Ja, die habe ich. Und habe den Kauf nie bereut. Das ist gewiss kein Chopinspiel, das auch nur in die Uferregionen französischen Spiels kommen will; damit meine ich weniger Nationalität als die famose Breite von Rubinstein über Francois bis Lipatti. Aber ich liebe diese Einspielung, das ist wirklich eine Interpretation als Auslegung, so wie man Teppiche auslegt oder etwas ins Schaufenster stellt. Ich höre das immer noch auf der Stuhlkante sitzend. Agogische Freiheiten noch und nöcher, dabei klarster Anschlag (auch wenn das Pedal, spärlich genutzt, manchmal fast auf den Boden kommt), nichts, aber auch gar nichts verwischt. – Ein ähnliches Bild dann bei den wenigen Mendelssohn-Stücken – Mendelssohn einer von Goulds sog. Lieblingskomponisten. Ganz im Unterschied zu Chopin.

Dazu vielleicht noch Getippsel, ich hoffe, das ist justiziabel nicht relevant, aus dem Booklet-Text von Stegemann: „Zur Entspannung (und nur für mich) kann es ein-, zweimal im Jahr vorkommen, daß ich etwas von Chopin spiele“, gestand Gould im November 1959 in einem Interview mit dem kanadischen Journalisten Vincent Tovell. „Aber weder überzeugt er mich, noch gefällt er mir. […] Ich finde, Chopin – es scheint idiotisch zu sein, was ich jetzt sage, und ich möchte keinesfalls den Eindruck erwecken, überheblich zu sein – also, ich finde, Chopin war unzweifelhaft ein Wunder an Begabung, aber eben kein großer Komponist. Wenn er sich an den großen Formen versucht, die ein hohes Maß an Organsiation verlangen, erleidet er fast immer Schiffbruch. Als Miniaturist dagegen ist er großartig; keiner versteht es wie er, eine Atmosphäre zu schaffen; sein Verständnis fürs Klavier war sicher ohne Vorläufer, und womöglich hat keiner nach ihm so instrumentengerecht geschrieben wie er. Doch trotz alledem bereitet er mir Unwohlsein.“ – Dazu könnte man manches sagen, aber nur, wenn man tiefer interpretiert, denn oberflächlich ist das gewiss. Aber eben nur an der Oberfläche. Einer der Wünsche im Leben, die niemals erfüllt wurden, werden: Gould spielt die Préludes von Chopin. Das wäre ein Audiobeweis!

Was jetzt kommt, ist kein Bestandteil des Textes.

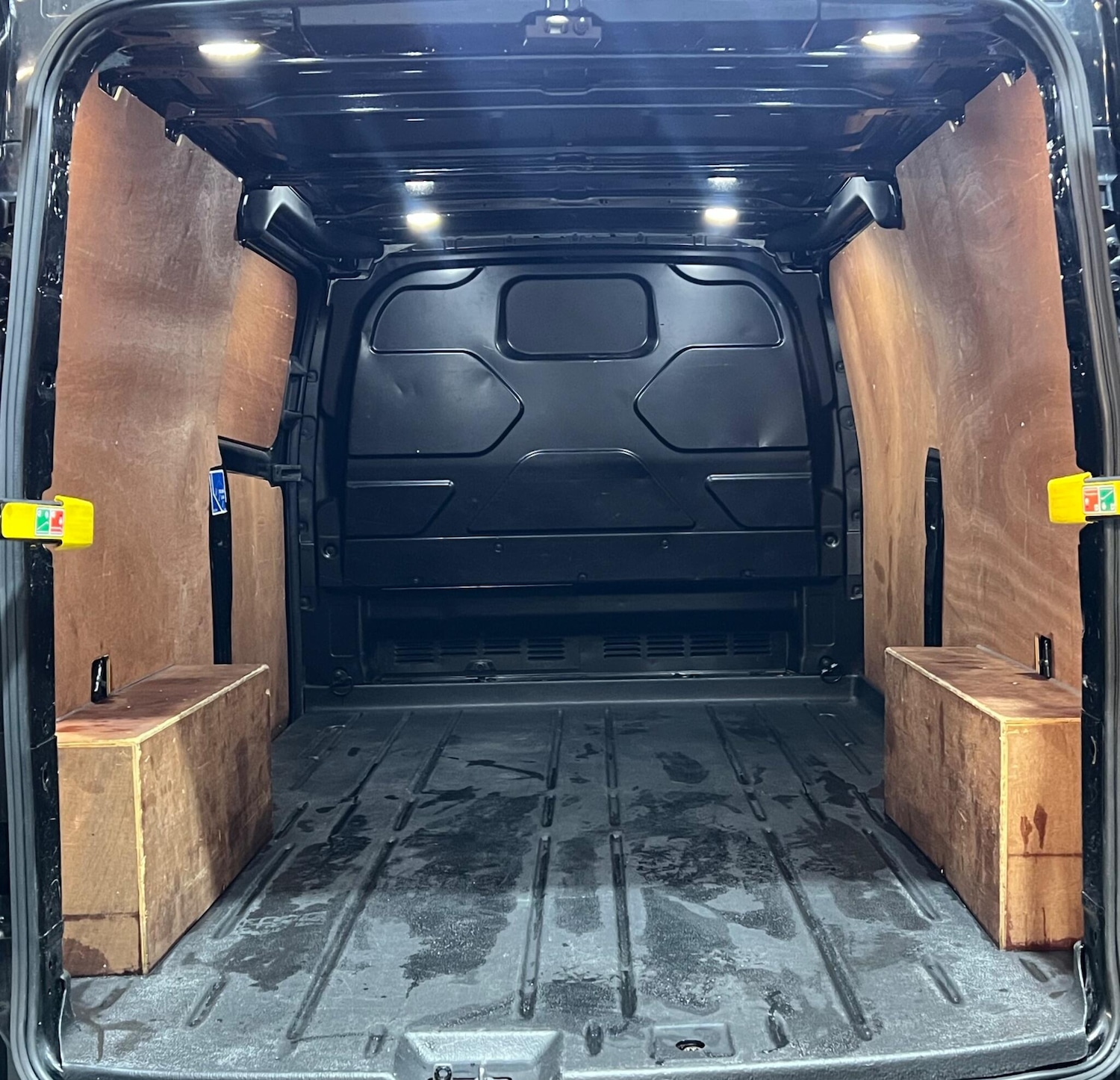 Used Ford Transit Custom 2019 for sale - 76121805: Photo 23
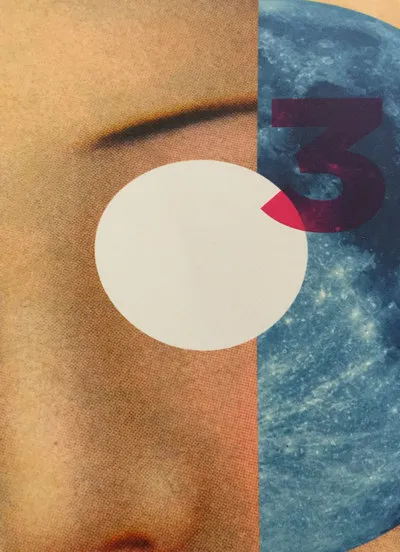 Copertina di 1Q84 Libro 3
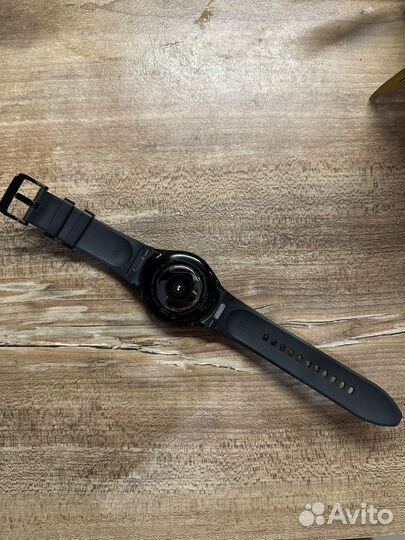Samsung Galaxy watch 6 classic 43mm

Und ich dachte längst, die Gould-Klischees seien allmählich zu den Akten gelegt. Goertz bedient sie leider; ich fand seinen Text nicht sehr schön. Vor allem nicht sehr informiert, er hätte ja zumindest mal, wenn er nicht die Gouldliteratur zur Hand hat, in das Booklet der Sony-Ausgabe hineingucken können und dann nicht am Ende schwadronieren müssen, Chopin sei Goulds Liebe oder sowas gewesen. Aber das ist bei Goertz nicht das erste Mal; er hat damals auch ziemlich unreflektiert die Bazzana-Bücher abgefeiert. Die Videobeweisgeschichte hört sich für mich so an, als ob sie da gelangweilt im Redaktionssaal saßen und einer, als die Ideen schon versiegten, hob seinen Einfall ans Tageslicht: Hey, kann der Goertz nicht mal was zu Musik, youtube und Fußball machen? Egal.

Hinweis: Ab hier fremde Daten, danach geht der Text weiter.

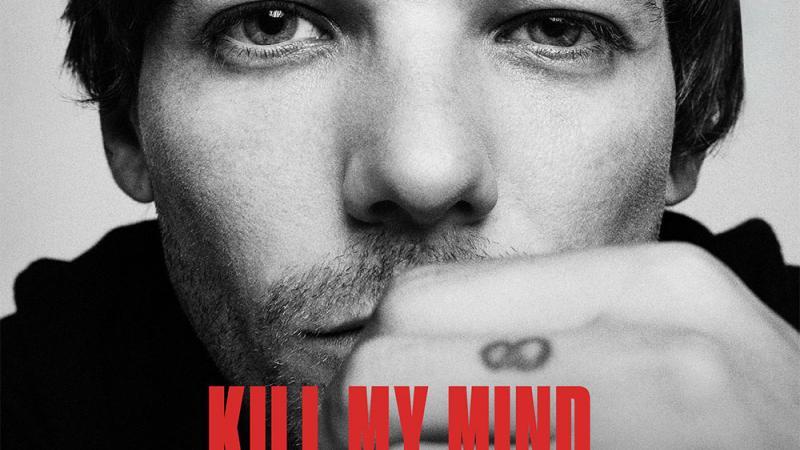 Louis Tomlinson: Seine neue Single ist ein Statement Louis Tomlinson: Seine neue Single ist ein Statement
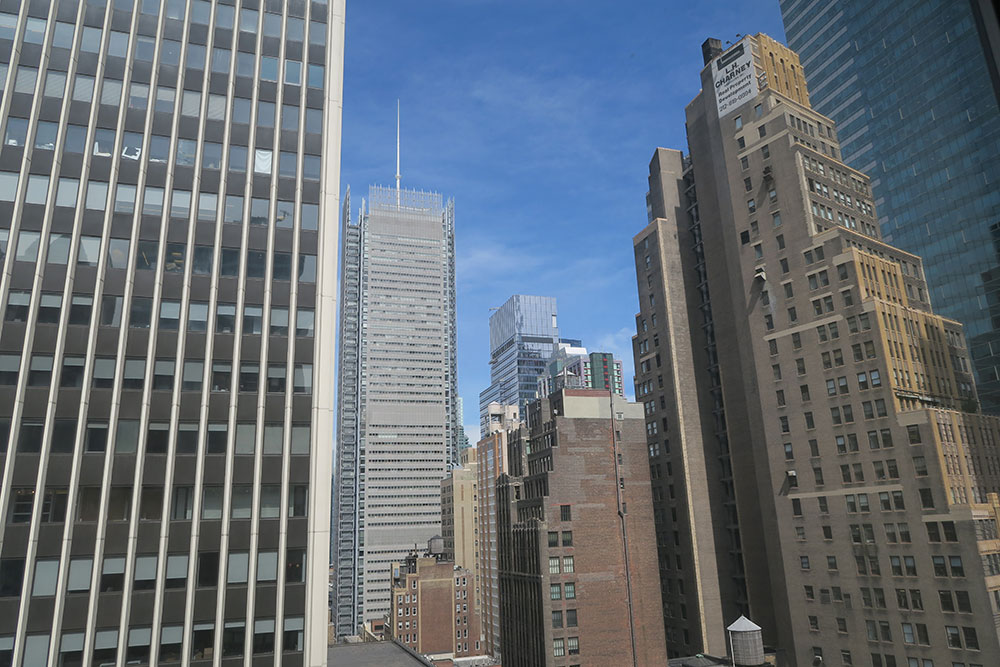 midtown west office sublet attorney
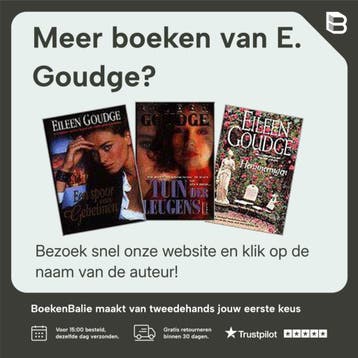 DOCHTERS VAN EVE (POEMA) - E. Goudge 9789024527496, Verzenden, Gelezen, E. Goudge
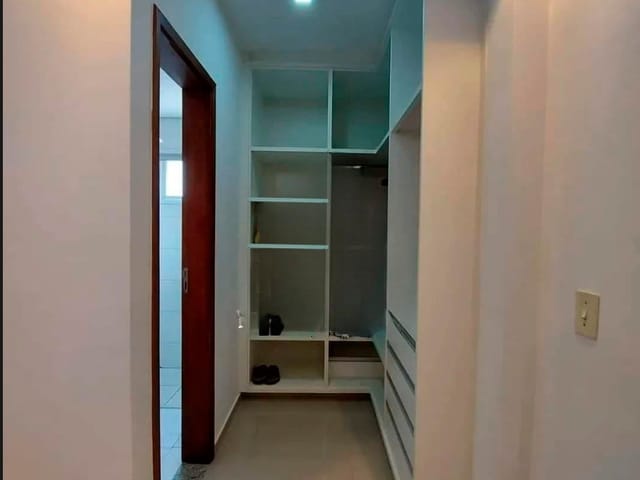 Apartamento 2 quartos e 2 banheiros, à venda, no bairro Vila Boa Esperança em São José do Rio Preto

Es gibt in Goulds Chopin-Sonate immerhin sog. Stellen, die ans lyrische Synapsenspektakel greifen, und zwar in aller Ruhe. Ich höre ja auch die Appassionata von Gould immer wieder gern, und wenn ich an die Appassionata denke, denke ich als erstes an die betörende Langsamkeit; halte ich also immer noch für die beste Kernschälung des Werks.

Stegemann berichtet neben manchem anderen auch von irgendeinem Spiel zu den besten Neuerscheinungen über Gould 1966: Da kommt weit vorne, wenn auch nicht ganz vorne, zu stehen: Robert Casadesus mit op. 58. Und das wundert gar nicht! Stegemann zitiert Gould: „Auch wenn ich ganz prima ohne die Sonaten von Frédéric Francois leben kann, war ich immer der Meinung, man sollte sie – wenn man sie schon spielen muß – unbedingt so spielen, wie sich’s gehört. Und das ist die getreueste und beste Interpretation der h-moll-Sonate, die ich je gehört habe.“ – Wieder nur Oberfläche; Hauptsache, Gould hat auch in der Tiefe die Teppiche ausgelegt. Die h-moll-Sonate gehört dazu.

Und: Sony wollte die Radioproduktionen komplett bringen, dann funkte m. W. der Glenn Gould Estate dazwischen und hat übernommen. Da gibt es ein paar Einzelveröffentlichungen, auch von den Goldbergs 1954, die vollständig konträr zu der berühmten 1955er-Einspielung ist.